Thursday, May 25, 2023

SEC Changes Introductory Disclaimer - Likely In Response to Discovery Dispute

If you regularly read speeches given by SEC Commissioners and staff, you may have noticed a change in the standard opening.  For most of my career, the remarks always began with something to this effect:

Before I begin, I must give the customary disclaimer that the views I express today are my own and do not necessarily reflect the views of my fellow commissioners or the staff.

That standard disclaimer came from Commissioner Crenshaw on March 30, 2023 in the opening to her remarks to the Fixed Income Forum.  And about a month ago, Chair Gensler's standard disclaimer on April 24, 2023 to the Annual Small Business Forum came out as:

As is customary, I would like to note that my views are my own, and I’m not speaking on behalf of the Commission or SEC staff.

But something has changed.  Chair Gensler gave the disclaimer this way on May 10, 2023 in remarks to the Municipal Securities Disclosure Conference:

My views are my own as Chair of the SEC, and I am not speaking on behalf of my fellow Commissioners or the staff (emphasis added)

This change continues forward to Chair Gensler's remarks today to to the Investment Company Institute:

As is customary, I’d like to note that my views are my own as Chair of the Securities and Exchange Commission, and I’m not speaking on behalf of my fellow Commissioners or the SEC staff (emphasis added)

It appears that the custom has changed and the introductory disclaimer now includes a note that remarks are in an official's capacity.  You can also see this in Commissioner Udeya's remarks at the MFA Global Summit on May 16.  He put it this way:

I would like to share remarks that reflect my views as an individual Commissioner of the SEC and do not necessarily reflect the views of the full Commission or my fellow Commissioners. (emphasis added)

The changed language likely results from discovery disputes in SEC vs.
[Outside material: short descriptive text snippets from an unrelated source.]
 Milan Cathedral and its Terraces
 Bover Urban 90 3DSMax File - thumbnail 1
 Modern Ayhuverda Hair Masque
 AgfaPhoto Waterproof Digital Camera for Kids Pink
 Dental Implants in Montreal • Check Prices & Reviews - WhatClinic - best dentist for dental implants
Ripple Labs.  Some news reports have covered the SEC being forced to turn over documents related to a 2018 Speech by William Hinman, then the SEC's Director for the Division of Corporation Finance.  

I poked around the docket in that case and found an order finding that internal discussions about the Hinman speech were discoverable and not protected by the Deliberative Process Privilege (DPP) because Hinman was communicating his own opinions and they did not "relate to some form of agency position, decision, or policy".  This is some relevant language from the opinion:

The DPP “is a form of executive privilege” that “shields from disclosure documents reflecting advisory opinions, recommendations and deliberations comprising part of a process by which governmental decisions and policies are formulated.” U.S. Fish & Wildlife Serv. v. Sierra Club, Inc., 141 S. Ct. 777, 785 (2021) (quotation marks and citation omitted).
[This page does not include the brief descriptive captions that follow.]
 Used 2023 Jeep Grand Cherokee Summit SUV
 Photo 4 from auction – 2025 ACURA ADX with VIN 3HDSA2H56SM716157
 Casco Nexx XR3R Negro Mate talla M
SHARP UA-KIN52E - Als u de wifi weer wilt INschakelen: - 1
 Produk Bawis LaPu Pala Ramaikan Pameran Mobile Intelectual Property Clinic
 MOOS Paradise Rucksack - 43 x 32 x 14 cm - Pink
The DPP applies to documents that are “predecisional” and “deliberative.” Id. at 785–86. Documents are “predecisional if they were generated before the agency’s final decision on the matter, and they are deliberative if they were prepared to help the agency formulate its position.” Id. at 786 (quotation marks omitted). Judge Netburn determined that the DPP does not apply to the Internal Speech Documents because those documents were intended to facilitate the communication of Hinman’s own opinions regarding the application of the securities laws to digital asset offerings and not the opinions of the SEC. Order I at 14; Order II at 5–7. The SEC argues that Judge Netburn’s conclusion constitutes an error of law because Second Circuit precedent states that “subjective documents which reflect the personal opinions of the writer rather than the policy of the agency” are protected by the DPP. See SEC Objs. at 13 (quoting Tigue v. U.S. Dep’t of Just., 312 F.3d 70, 80 (2d Cir. 2002)) (emphasis omitted). But this argument fails to recognize that documents reflecting such personal opinions are protected only when they relate to some form of agency position, decision, or policy. Cf. Sierra Club, Inc., 141 S. Ct. at 785. Because Judge Netburn determined that the Internal Speech Documents did not relate to an agency position, decision, or policy, Order I at 14; Order II at 5–6, her conclusion is not contrary to law.

To bring this full circle, this is probably the reason why the language in the disclaimer has changed to include some statement that the remarks are in their official capacity.  I don't know if other litigants will have the same success as Ripple did in getting access to internal documents, but I would expect defendants to try if they can find some hook to argue that the documents should be provided in discovery.